Most religious rules are relics of the Bronze Age or even the Stone Age, when the world was a much different kind of place and there was a much different set of risks than those we face today. Pigs, for example, are scavengers by instinct, and probably self-domesticated like dogs, coming to dine from our middens (trash dumps). Even in historical times, pigs were often kept around specifically as cleaners; I've read that in medieval Europe, which had lost most of the fine points of Roman civilization and was basically one giant open sewer, the way that municipal governments "cleaned" their city streets was to run a herd of pigs through town once a year, to simply eat up the filth--and presumably turn it all into pig feces shortly after crossing the city line on the way out. Under these circumstances, a proscription against eating the flesh of pigs seems so sensible as to be unnecessary!
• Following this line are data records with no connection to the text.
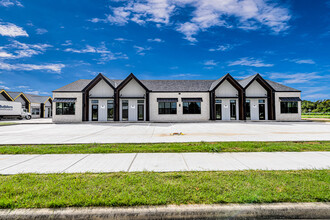 1325 Main St, Katy, TX for lease Building Photo- Image 1 of 32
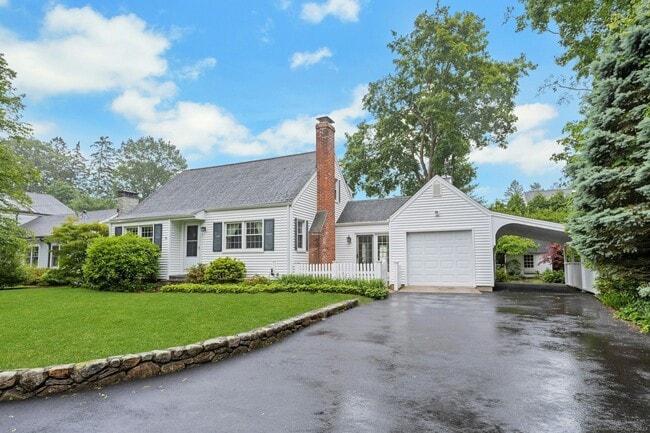 54 Oak Grove Pl in New Canaan, CT - Building Photo - Building Photo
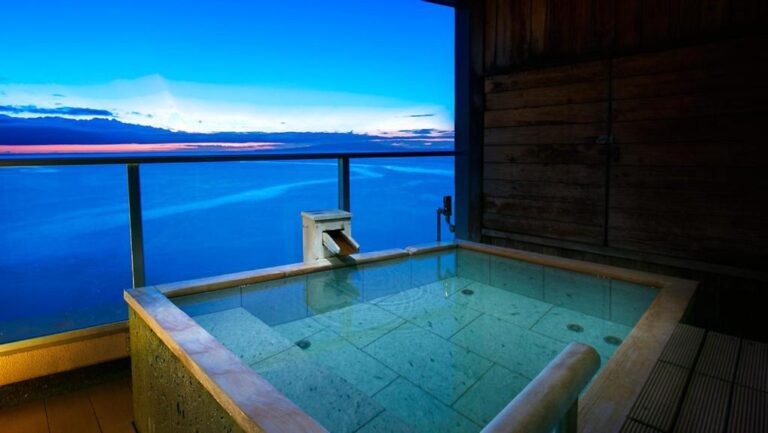 Hamanoyu Outdoor Onsen
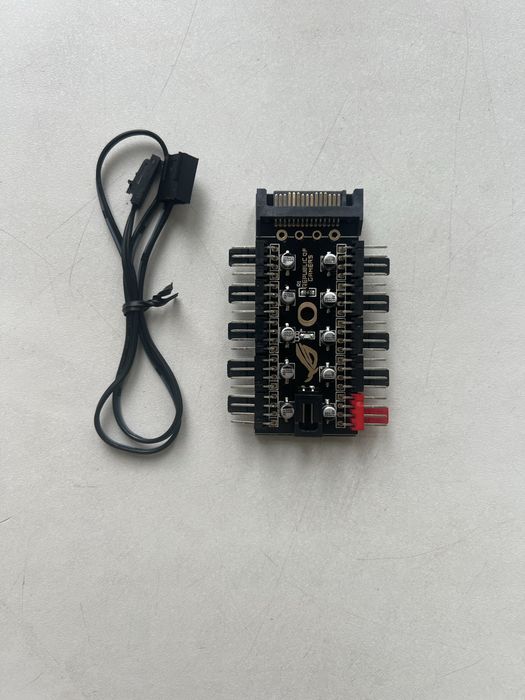 PWM хаб розгалужувач на 10 вентиляторів 12V 4 Pin SATA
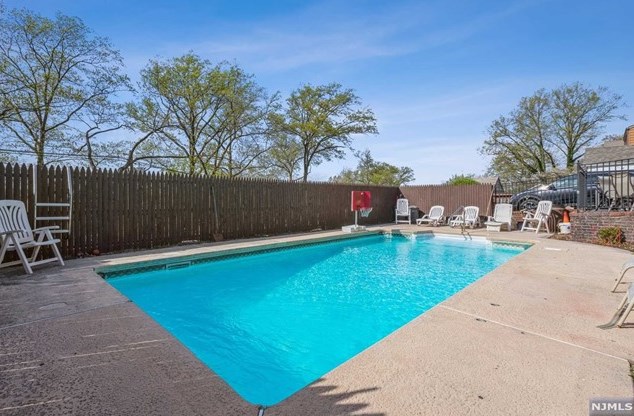 34 Carlton Pl, Rutherford NJ  07070-1120 exterior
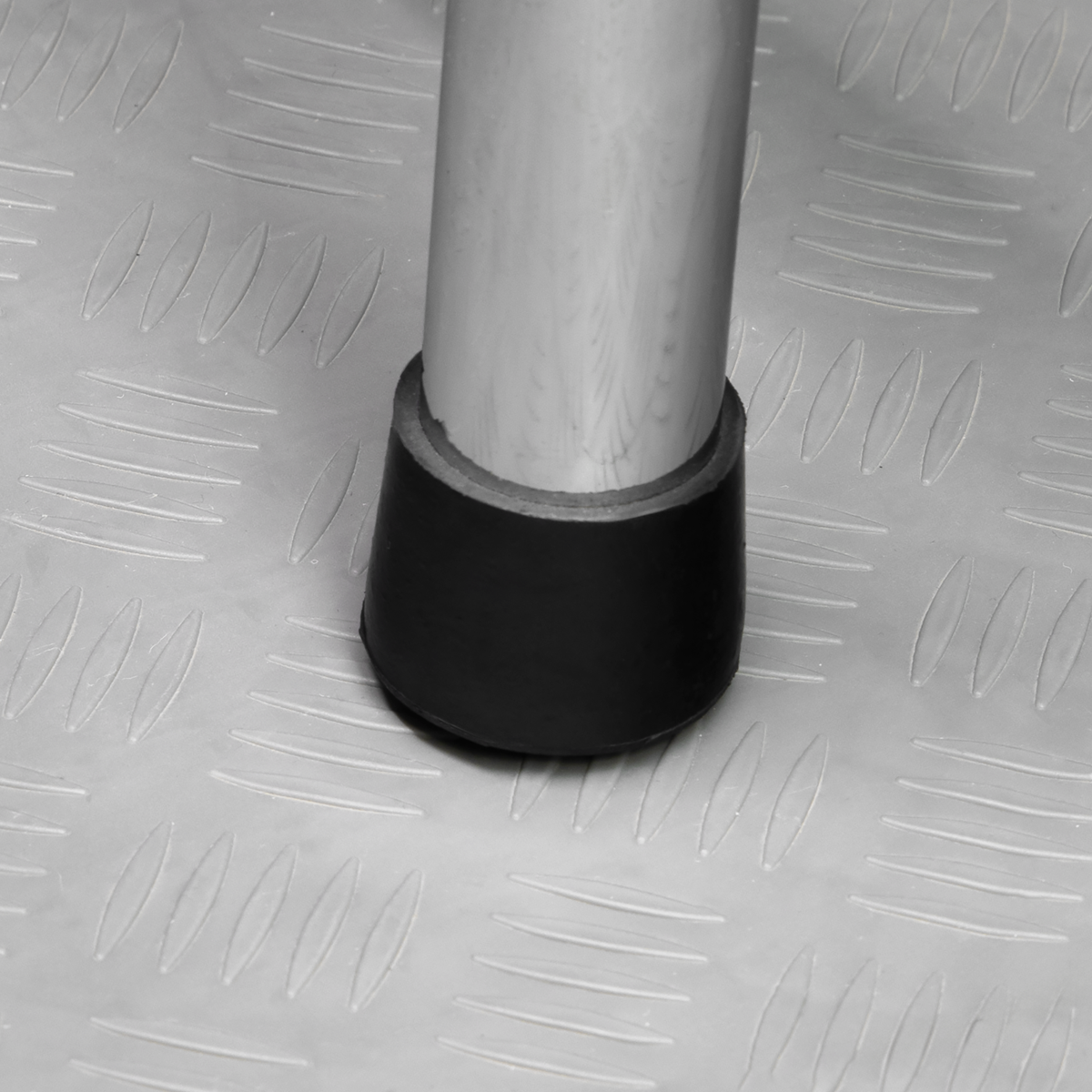 Pneumatic Stool Heavy-Duty Workshop with Adjustable Height Swivel Seat SCR17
To call someone who ate pork "unclean" would not have been remarkable.

The problem with religious laws is that they are even more difficult to amend or repeal than civil laws. It's merely amusing to find a city that still has a law against shooting rabbits from a streetcar; to find a religion that still has a law against eating pork--in an era when cultivation of cattle feed is a major factor in deforestation--is horrifying.
 
Each society has hygiene standards. The disparities between them is a legitimate topic.

Full stop: I get what you're saying, but he's talking belief, not bacon or bathing - and in the modern era. We bathe. Fo realz.

If he'd once said so much as the word "chop" (pork, not necks), I could run with this nutritional argument a bit, or at least until it admitted to me it hadn't been jogging in years and was starting to see stars.